This is a speculation. It might be that the universe
in which we live is completely ruled by mathematical
laws. Indeed one can doubt of that or believe it but I
can't see how this can be either proved or refuted.

>> This is equivalent to say that this universe is
>> isomorphic to one of the above mentionned "higher
> level objects".
> Nice words. Do they mean something? 

This means something to me. I would say that meaning
is relative to individuals or group of individuals.
I understand that this might not mean anything to
other people just as what other people sometimes
refer to has no precsie meaning to me.

>> The last and hard point is that, from a mathematical
>> point of view, all the objects that are isomorphic
>> one to another are the same mathematical object (just
>> as there is only one set of natural numbers, no
>> matter how is is built) and, if the universe is
>> isomorphic to a mathematical object, it could just be
>> this mathematical object.
> I think I can decipher what you wrote (?), firstly:
> "from a mathematical point of view"  (if not, not).
> Isomorphic requires the ONE set of characteristics we
> are 'allolwed' to use, while 'nature' is unrestricted.

I don't understand you here.

> Then do not miss your "IF" - and 'if not'? 
> I still do not understand "mathematical object" but
> that is the feebleness of my common sense mind.

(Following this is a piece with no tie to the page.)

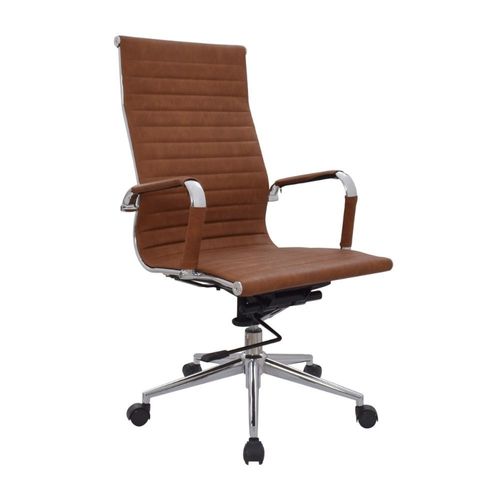 Silla de escritorio Boss Espaldar Alto Camel Bonno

This a bit strange. Usually common sense tends to
have people believe in such things as mathematical
objects (like natural numbers or Hilbert spaces for
instance). Mine do so for me. Commen sense is a
strange thing.

>> Let's consider an outrageously simplified view of
>> the universe as particles interacting with each
>> others according to a set of mathematical laws. The
>> mathematical structure of the universe is likely to
> be >much more complex than that but the following
> might >still be correct when applied to a more complex
>> structure.
> I don't know about 'particles', they are the figments
> of the explanations for ununderstood phenomena. Try to
> reduce them into their ingreients: no particle is
> left, unless you call a (hypothetical?) quark a particle.

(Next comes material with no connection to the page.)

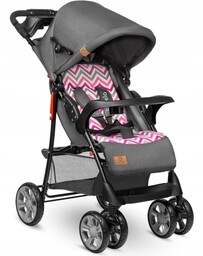 Wózek spacerowy Lionelo Emma Plus Pink Scandi 6-36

That was the idea. That particles might not exist
as such does not prevent the universe to have a
mathematical structure and I mentionned that this
was a (possibly very) simplified view.

> I "made" macromolecules for 50 years: now I see that
> there are no such 'things' - only we assume them for
> effects (phenomena?) we think to perceive. No atoms
> either. But they have their mathematics.

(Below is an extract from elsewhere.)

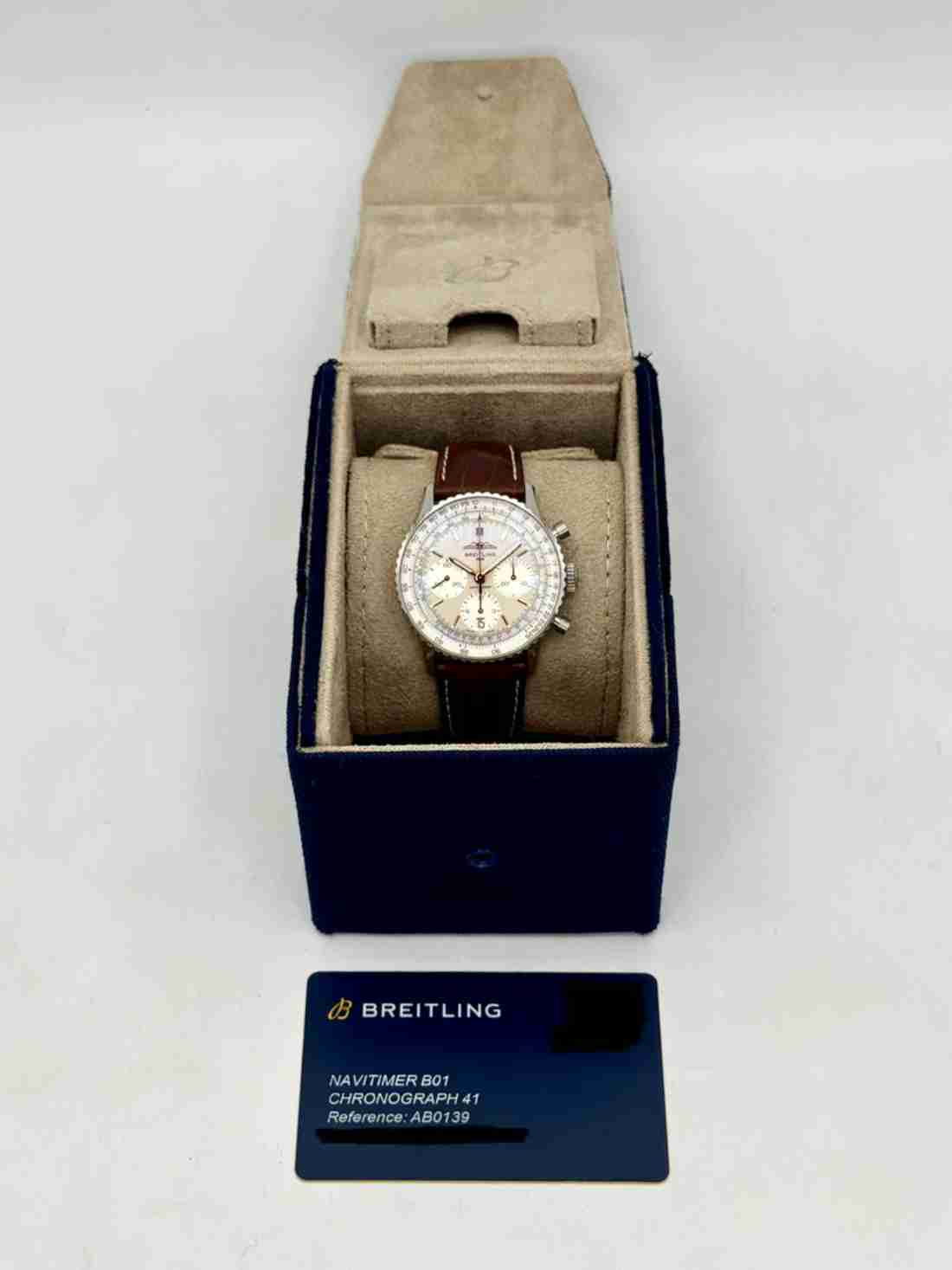 2024 Breitling Navitimer Chronograph B01 41mm AB0139 Stainless Steel Silver Dial - Image 6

I agree on that. But that do not prevent the universe
as a whole to have its own mathematics too (and even
a mathematics that would be "reflected" in many
"phenomenons" that can be observed/conceived by us).

>> The problem with the idea that the universe could
>> simply be a mathematical object is that our common
>> sense strongly suggest that a physical universe has
>> to be different from a mathematical object because
>> there is to be "something in the particles" to
>> "make them real". ...
> I skip the rest, this is NOT my way of thinking, so I
> do not discuss it here. 

OK. Is this because you reject a reductionist view?

>> ...why should there be some "magical substance"
>> inside the particles? Isn't that enough that they
>> follow the rules? What more could bring the presence
>> of "something else" inside the particles? What the
>> idea of an "internal substance" could add to any
>> explanation? Isn't this idea just irrational and
>> similar to the concept of "soul" in a dualist view? 
>> Isn't even that a kind of dualism?
> I like that a lot, thank you Georges.

Thanks to you too.

> Unfortunately my mailbox did not take more and wrote: 
> == message truncated ===

Strange. I forward the remaining in another post.